I have heard that professors will bend over backwards to give their students at least a B-. Other sources say no - their profs are strict that an 'A' is 90 or above, a 'B' is 80 or above, and so on. I don't think I'm a slacker, but I did sign up for the Atmospheric Dynamics course a little weak on the prerequisites.

So I'm getting paid a thousand dollars for every 'A' or 'B'. If I get anything below a 'B', I'm out of the program. Maybe I can still try to get a Master's Degree on my own, but it will be a lot more difficult.

The stakes are high. This game is for keeps.

Posted by Carl Drews at 1:07 PM | Comments (3) | School/Education

December 11, 2004

A Real Corker

Perhaps I'm easily amused, but I broke out laughing at the corrections in today's St. Louis Post-Dispatch -- which won't be online until they're good and ready in a few days. But they were correcting a typo in a letter to the editor (not present in the online version), and announced that the correct title of Marshall McCluhan's book is "The Medium is the Massage". Maybe they should spell check with a human and not a program, or maybe I applaud an editor slipping one in on a slow Friday night.

Posted by Kevin Murphy at 10:59 AM | Comments (1) | Fun

December 8, 2004

Not Dead Yet

When I've had the time, I haven't had the inclination, and when I've had the inclination, I haven't had the time to post to the blog. Seeing as how this is the Christmas season which is the most stressful time of the year, well, no doubt I'll be posting up a storm.

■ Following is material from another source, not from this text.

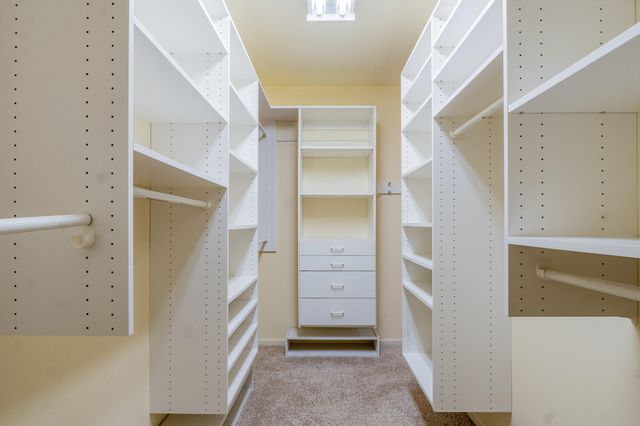 3804 Pheasant Walk Drive, Valparaiso, IN 46383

On a blog related note, I didn't have to change my colors to show my solidarity with Ukrainian Freedom and Democracy, I've always been orange. It's the Scotch-Irish in me (along with a like of the blue/orange color scheme that dates back into childhood). I wonder how my college chum Modest Osadsa, who used to verbally berate the communists when they tried to talk/leaflet at meals, feels about it.